▶ Required action:
Transcribe nothing except the lines below that run from the one with "EIMMBD 9 PCS" to the one with "Bling Glitter Leder", ends included, and do not copy any picture.

═════ Data for this task ═════

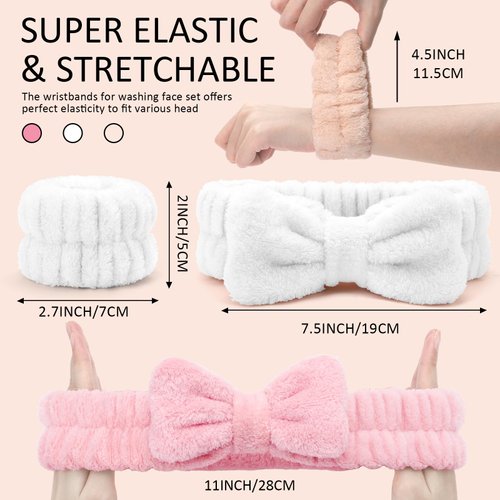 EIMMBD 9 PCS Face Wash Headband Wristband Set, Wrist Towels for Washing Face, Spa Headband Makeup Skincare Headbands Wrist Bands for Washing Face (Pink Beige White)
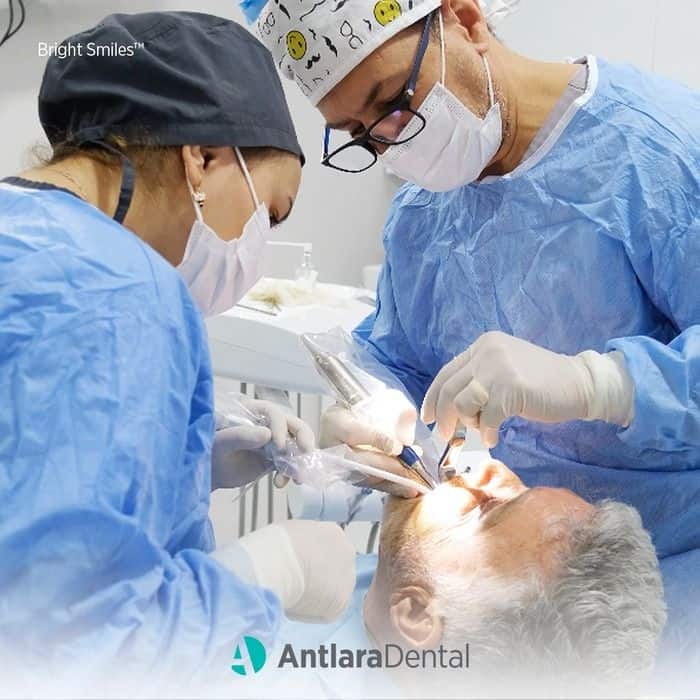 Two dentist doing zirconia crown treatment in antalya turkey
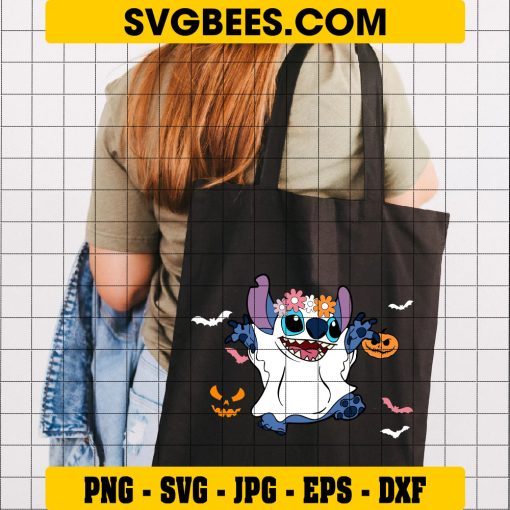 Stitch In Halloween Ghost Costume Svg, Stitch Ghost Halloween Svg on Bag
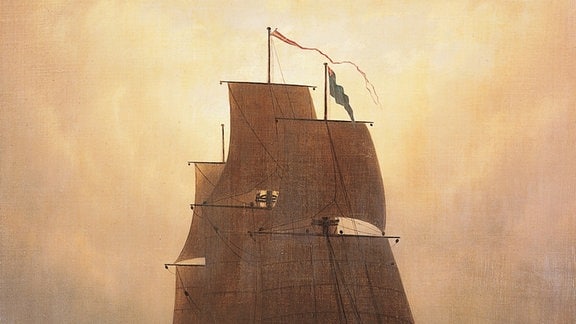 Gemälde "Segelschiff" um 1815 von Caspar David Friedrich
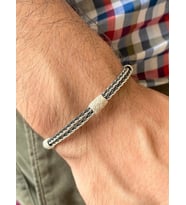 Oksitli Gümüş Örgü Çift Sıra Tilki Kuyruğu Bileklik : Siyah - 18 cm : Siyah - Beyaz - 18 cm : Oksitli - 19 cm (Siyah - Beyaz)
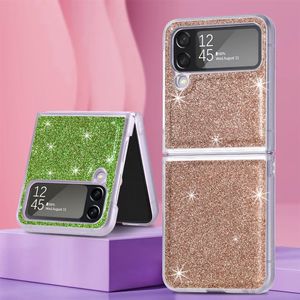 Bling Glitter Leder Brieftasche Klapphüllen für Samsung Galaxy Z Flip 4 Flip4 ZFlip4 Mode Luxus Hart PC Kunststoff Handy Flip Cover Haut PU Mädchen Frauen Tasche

═════
═════ Data for this task ═════

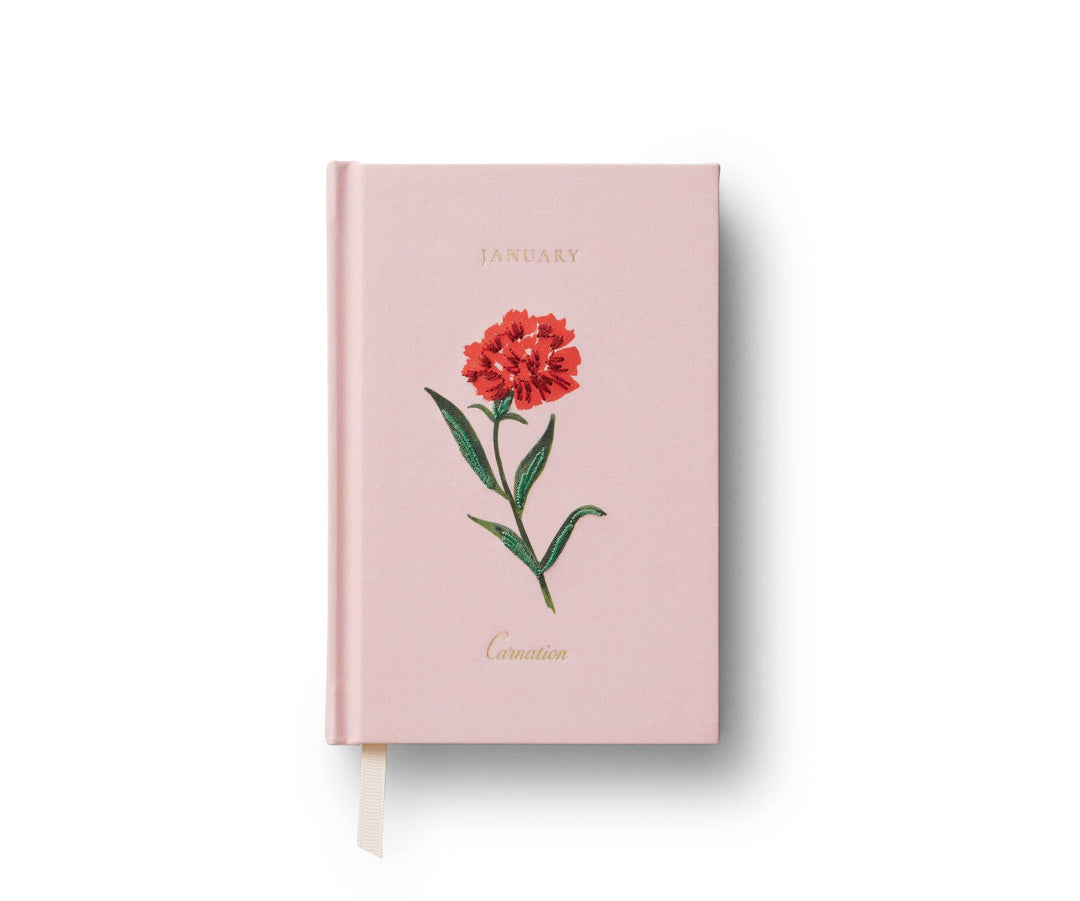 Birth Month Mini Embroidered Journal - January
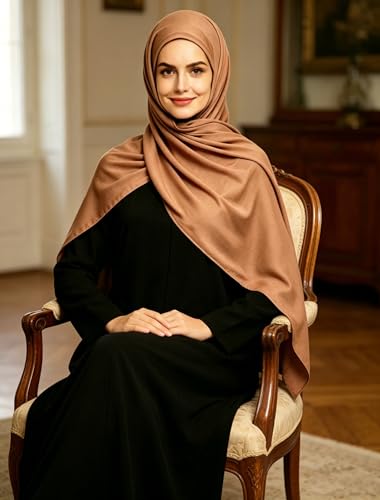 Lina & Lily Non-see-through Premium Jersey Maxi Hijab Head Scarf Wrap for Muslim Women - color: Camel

═════

▶ Task result:
 EIMMBD 9 PCS Face Wash Headband Wristband Set, Wrist Towels for Washing Face, Spa Headband Makeup Skincare Headbands Wrist Bands for Washing Face (Pink Beige White)
 Two dentist doing zirconia crown treatment in antalya turkey
 Stitch In Halloween Ghost Costume Svg, Stitch Ghost Halloween Svg on Bag
 Gemälde "Segelschiff" um 1815 von Caspar David Friedrich
 Oksitli Gümüş Örgü Çift Sıra Tilki Kuyruğu Bileklik : Siyah - 18 cm : Siyah - Beyaz - 18 cm : Oksitli - 19 cm (Siyah - Beyaz)
 Bling Glitter Leder Brieftasche Klapphüllen für Samsung Galaxy Z Flip 4 Flip4 ZFlip4 Mode Luxus Hart PC Kunststoff Handy Flip Cover Haut PU Mädchen Frauen Tasche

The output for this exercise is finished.